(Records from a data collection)

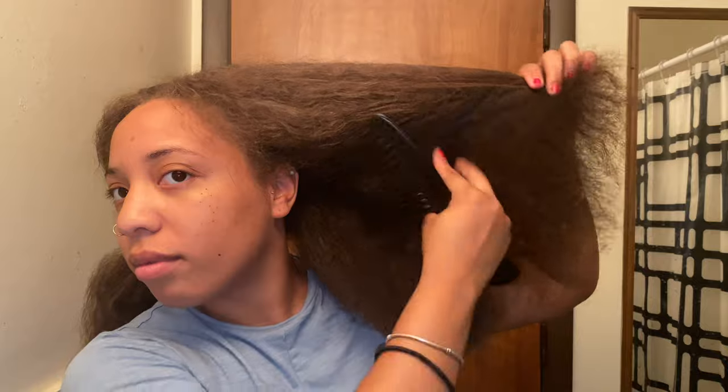Hey YouTube, this is Alexandria here and I'm going to show you my hack on my silk presses. When it gets old and puffy like this and it's just not pressing and silking like it's supposed to, I go ahead and do this hack. So I spritz some water and I put some oil on my hair.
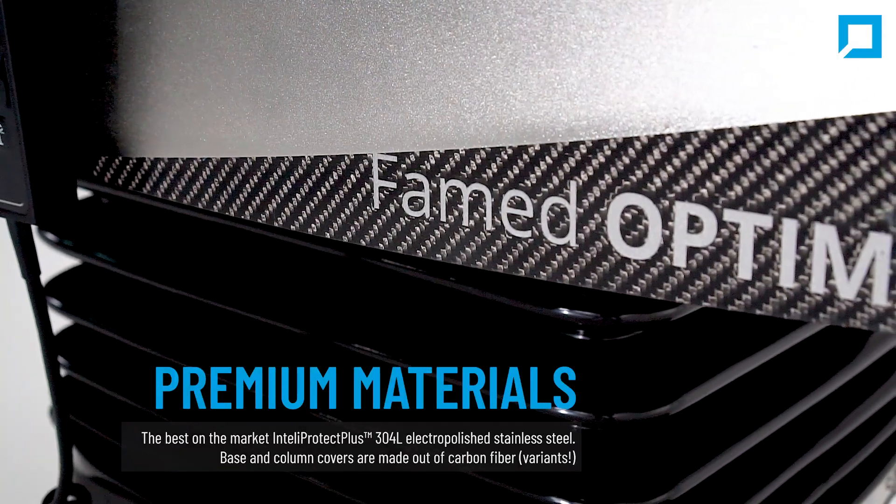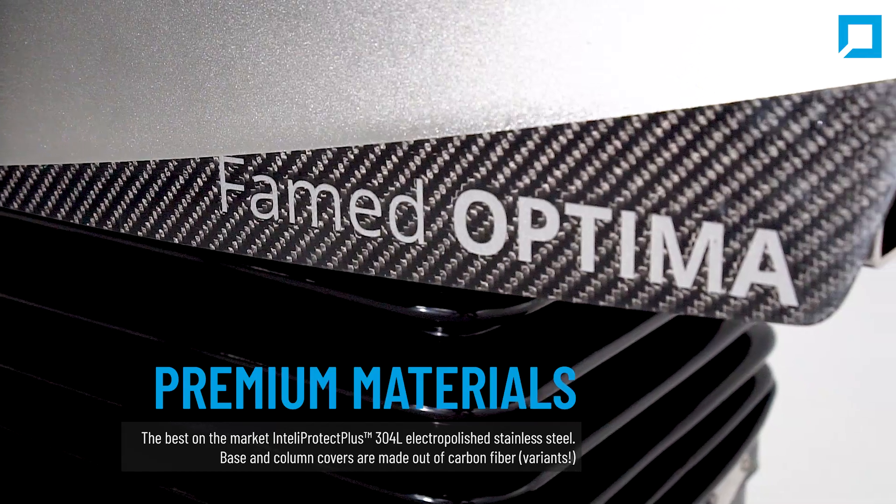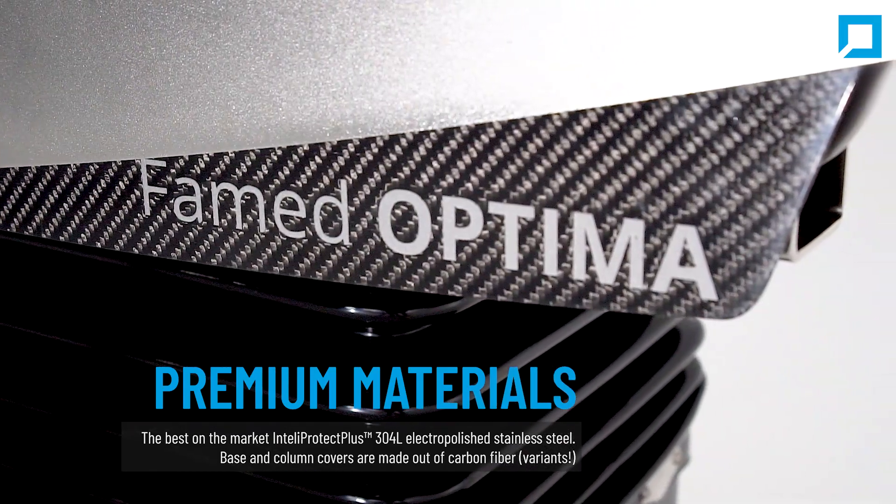Manufactured with premium materials like Intelliprotect Plus stainless steel. The base and column covers are made of carbon fiber or steel.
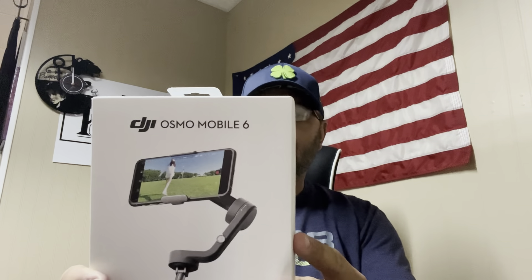Got the specs here: three-axis stabilization, quick launch, portable and foldable, ActiveTrack 5.0 — meaning if you have a target it will track it as it's moving — easy tutorials, one-tap editing, and a built-in extension rod. Inside the box there is a cable, the power cable, a storage pouch, documents, and the gimbal itself. You download the app on the Apple or Android store.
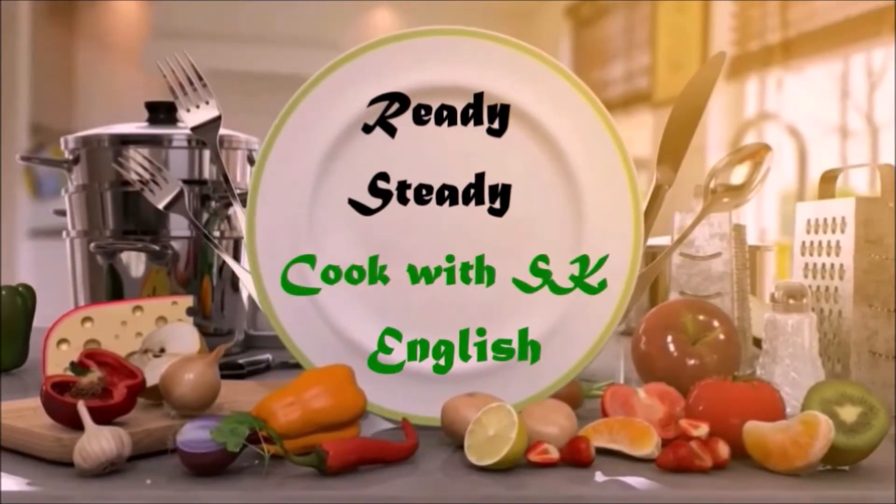Hello Foodies! You are watching Ready Steady Cook with SK. If you haven't subscribed yet, please subscribe to our channel. Along with that, press the bell icon to get regular updates from our channel.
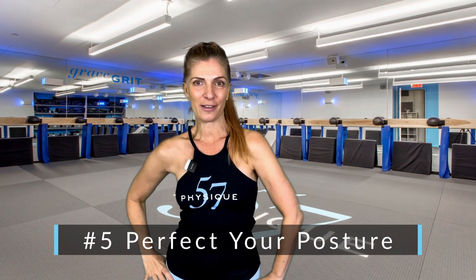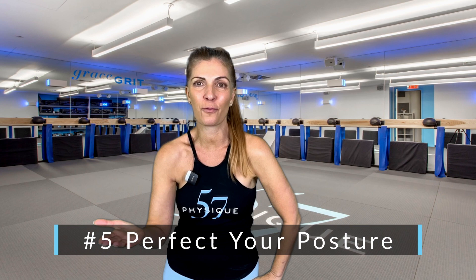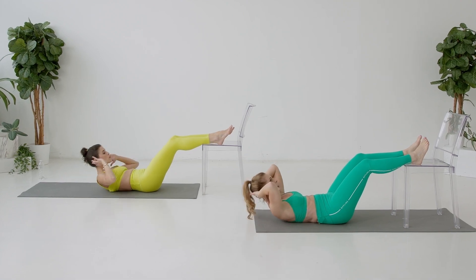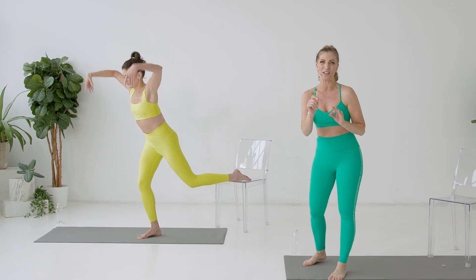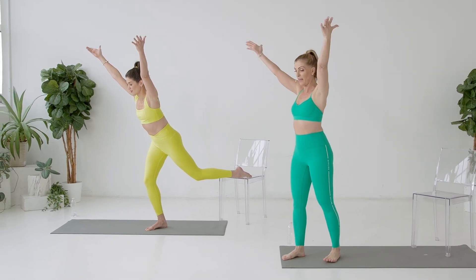Number five: perfect your posture. Take time and learn proper form. In barre, we work primarily from a neutral or natural curve of the spine, so you want to keep your abs braced, your pelvic floor engaged, and your head in line with your spine. Arms and legs should be extended with long, graceful movements.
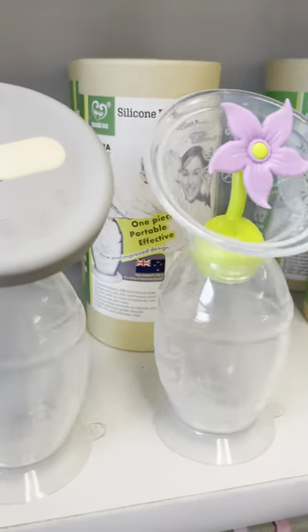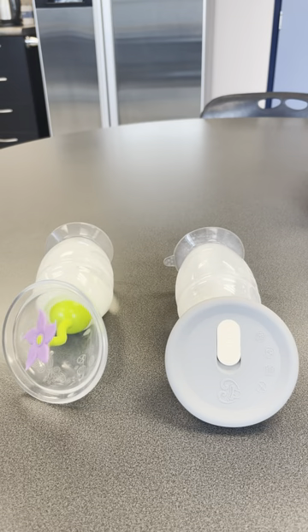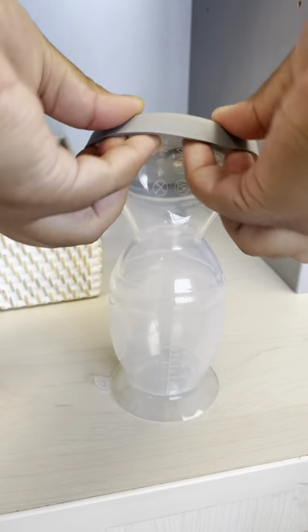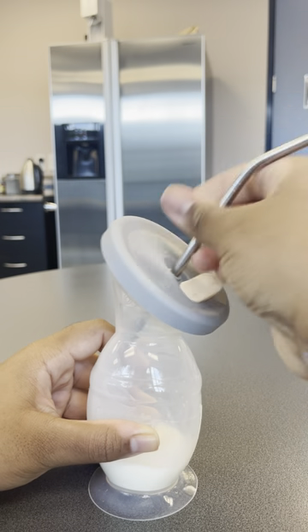What's the difference between the pump cap and the flower stopper? They both have the same function: to keep your precious breast milk from spilling. The pump cap covers the full flange, which keeps the inside of the pump free from germs and lint. There's a valve at the top to release any pressure, or you can even put a straw through it.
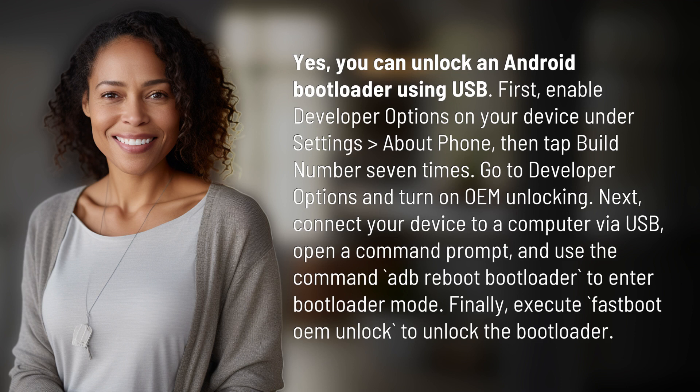Next, connect your device to a computer via USB, open a command prompt, and use the command ADB Reboot Bootloader to enter bootloader mode. Finally, execute Fastboot OEM Unlock to unlock the bootloader.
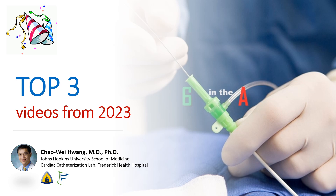Hi, I'm Xiaowei Huang from the Johns Hopkins University School of Medicine and the Frederick Health Hospital. Today, we're going to do a countdown of the top three most viewed videos from 2023. I've included links to the videos in the comment section below.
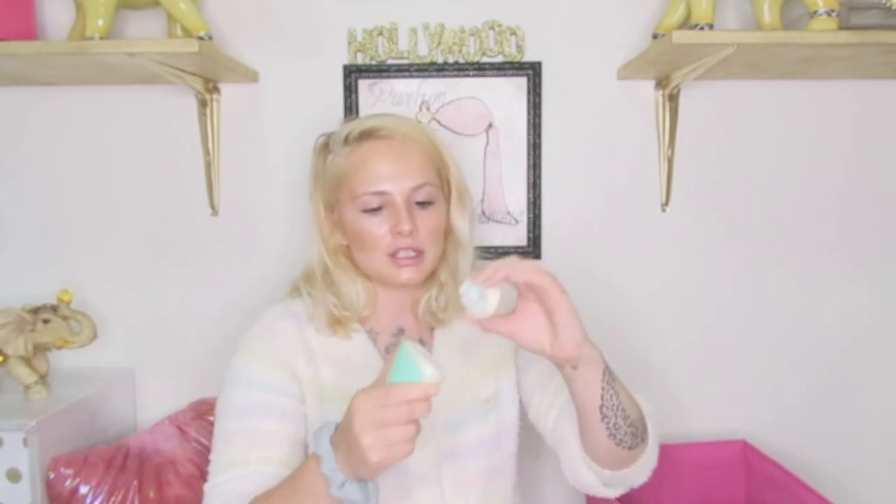Continuing on — razors. This is the Intuition razor with the shaving cream bar included. This is a must-have razor. It makes everything so much quicker — I can shave both my legs in less than three minutes and my whole body in less than five minutes. I've used all the other razors, men's razors, women's razors. This is the only thing that does not give me a razor burn.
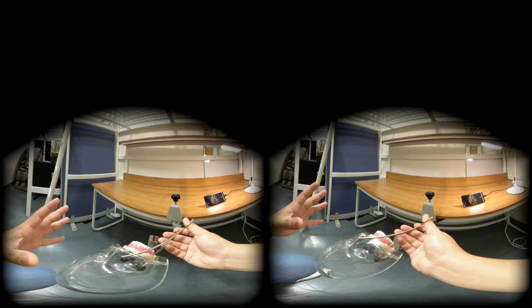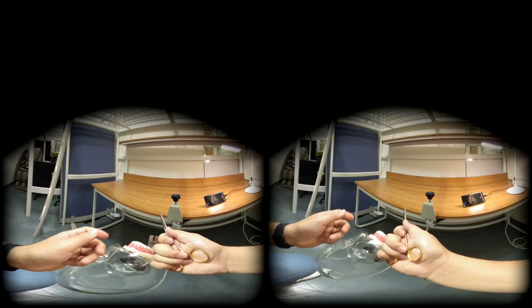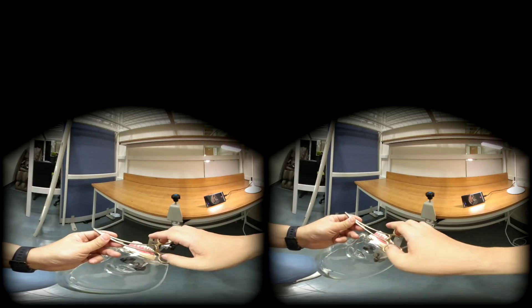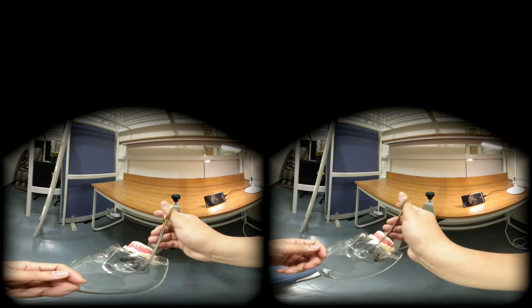Of course, I also use the tripod grip, palm grip, or pan grip sometimes. But 90% of surgeries, I do this reverse grip. So this is the reverse grip.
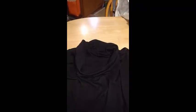This is my cowl top. Black — doesn't film very well, but there you are.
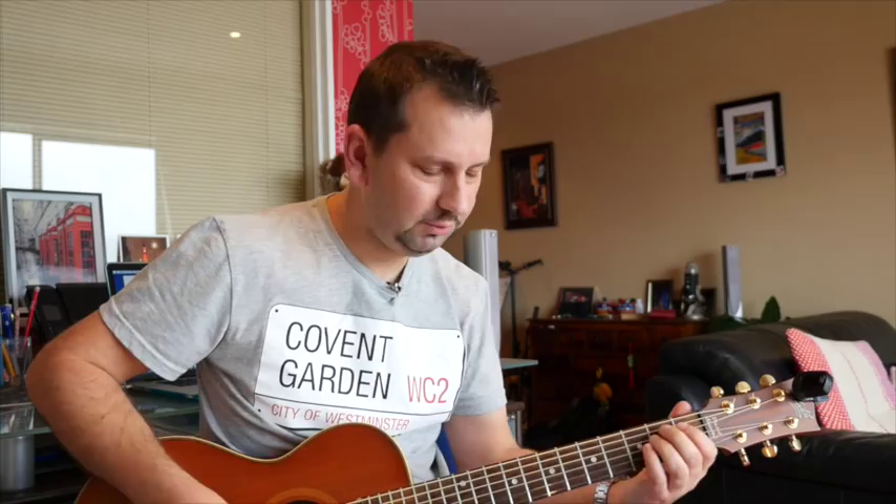When it comes to the verse, it's really the same thing: E minor for two, D for two, then again E minor for two and D for two, then C for two and D for two, back to E minor to D. That's pretty easy, isn't it?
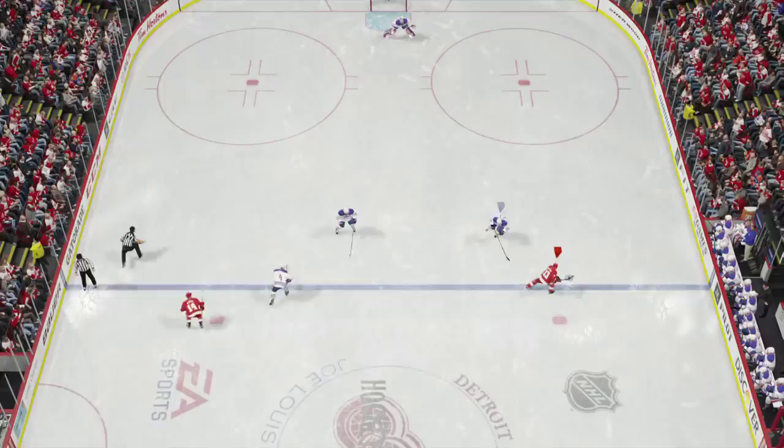So there you go boys — there are the new quick stride dekes for NHL 15. I hope you enjoyed this tutorial and I'll see you in the next one.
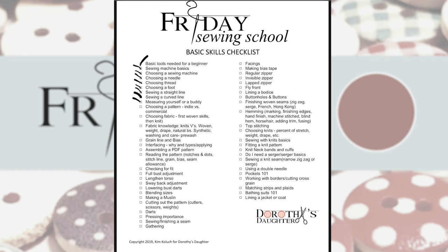We've covered choosing a pattern, but we haven't really gotten into the differences between indie patterns and commercial patterns, so I'm going to hold off on checking that one — we'll cover it with the skirt project. We've talked about choosing fabrics, knits versus woven, weight, and pre-washing. We haven't talked too much about natural versus synthetic, so I'll leave that one unchecked. Grain line and bias we've talked about, and interfacing — but not all the different types, so I'll leave that unchecked too.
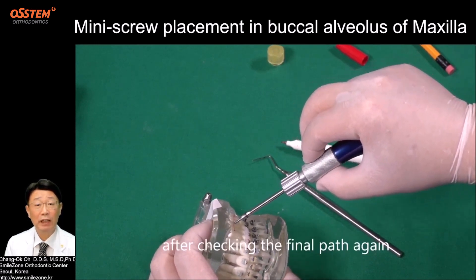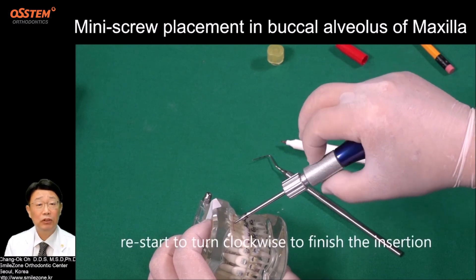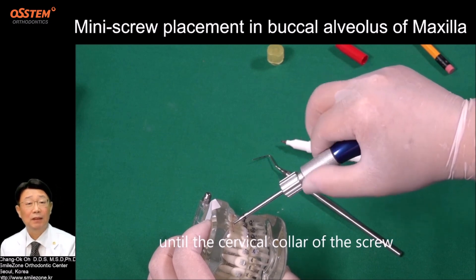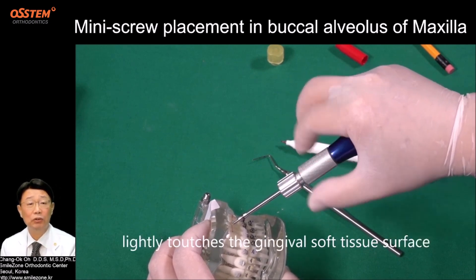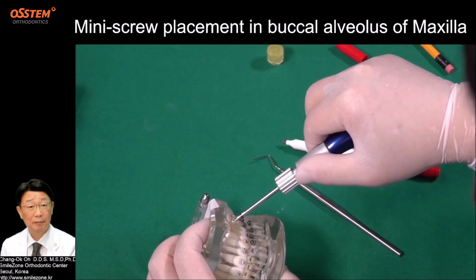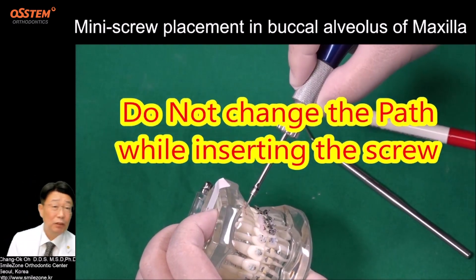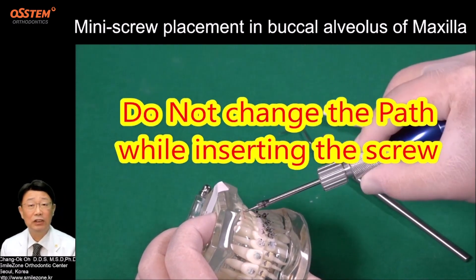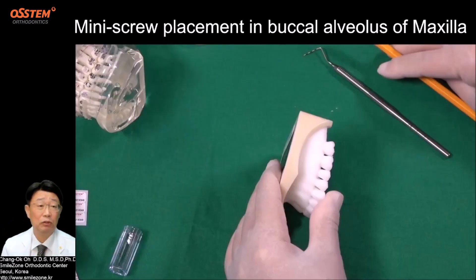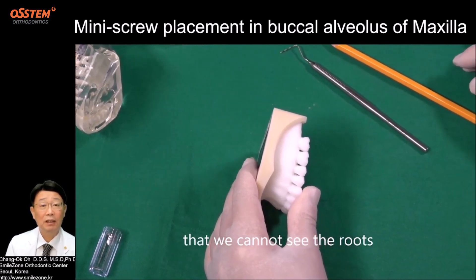After checking the final path again, restart turning clockwise to finish the insertion until the cervical collar of the screw lightly touches the gingival soft tissue surface. Do not change the path while inserting the screw — it can cause breakage of the screw, especially at the tip.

## What is required
In the copy, include no pictures; transcribe every record above verbatim.

## Exercise response
Hey YouTube, this is Alexandria here and I'm going to show you my hack on my silk presses. When it gets old and puffy like this and it's just not pressing and silking like it's supposed to, I go ahead and do this hack. So I spritz some water and I put some oil on my hair.
Manufactured with premium materials like Intelliprotect Plus stainless steel. The base and column covers are made of carbon fiber or steel.
Got the specs here: three-axis stabilization, quick launch, portable and foldable, ActiveTrack 5.0 — meaning if you have a target it will track it as it's moving — easy tutorials, one-tap editing, and a built-in extension rod. Inside the box there is a cable, the power cable, a storage pouch, documents, and the gimbal itself. You download the app on the Apple or Android store.
Hello Foodies! You are watching Ready Steady Cook with SK. If you haven't subscribed yet, please subscribe to our channel. Along with that, press the bell icon to get regular updates from our channel.
Number five: perfect your posture. Take time and learn proper form. In barre, we work primarily from a neutral or natural curve of the spine, so you want to keep your abs braced, your pelvic floor engaged, and your head in line with your spine. Arms and legs should be extended with long, graceful movements.
What's the difference between the pump cap and the flower stopper? They both have the same function: to keep your precious breast milk from spilling. The pump cap covers the full flange, which keeps the inside of the pump free from germs and lint. There's a valve at the top to release any pressure, or you can even put a straw through it.
Next, connect your device to a computer via USB, open a command prompt, and use the command ADB Reboot Bootloader to enter bootloader mode. Finally, execute Fastboot OEM Unlock to unlock the bootloader.
Hi, I'm Xiaowei Huang from the Johns Hopkins University School of Medicine and the Frederick Health Hospital. Today, we're going to do a countdown of the top three most viewed videos from 2023. I've included links to the videos in the comment section below.
Continuing on — razors. This is the Intuition razor with the shaving cream bar included. This is a must-have razor. It makes everything so much quicker — I can shave both my legs in less than three minutes and my whole body in less than five minutes. I've used all the other razors, men's razors, women's razors. This is the only thing that does not give me a razor burn.
Of course, I also use the tripod grip, palm grip, or pan grip sometimes. But 90% of surgeries, I do this reverse grip. So this is the reverse grip.
This is my cowl top. Black — doesn't film very well, but there you are.
When it comes to the verse, it's really the same thing: E minor for two, D for two, then again E minor for two and D for two, then C for two and D for two, back to E minor to D. That's pretty easy, isn't it?
So there you go boys — there are the new quick stride dekes for NHL 15. I hope you enjoyed this tutorial and I'll see you in the next one.
We've covered choosing a pattern, but we haven't really gotten into the differences between indie patterns and commercial patterns, so I'm going to hold off on checking that one — we'll cover it with the skirt project. We've talked about choosing fabrics, knits versus woven, weight, and pre-washing. We haven't talked too much about natural versus synthetic, so I'll leave that one unchecked. Grain line and bias we've talked about, and interfacing — but not all the different types, so I'll leave that unchecked too.
After checking the final path again, restart turning clockwise to finish the insertion until the cervical collar of the screw lightly touches the gingival soft tissue surface. Do not change the path while inserting the screw — it can cause breakage of the screw, especially at the tip.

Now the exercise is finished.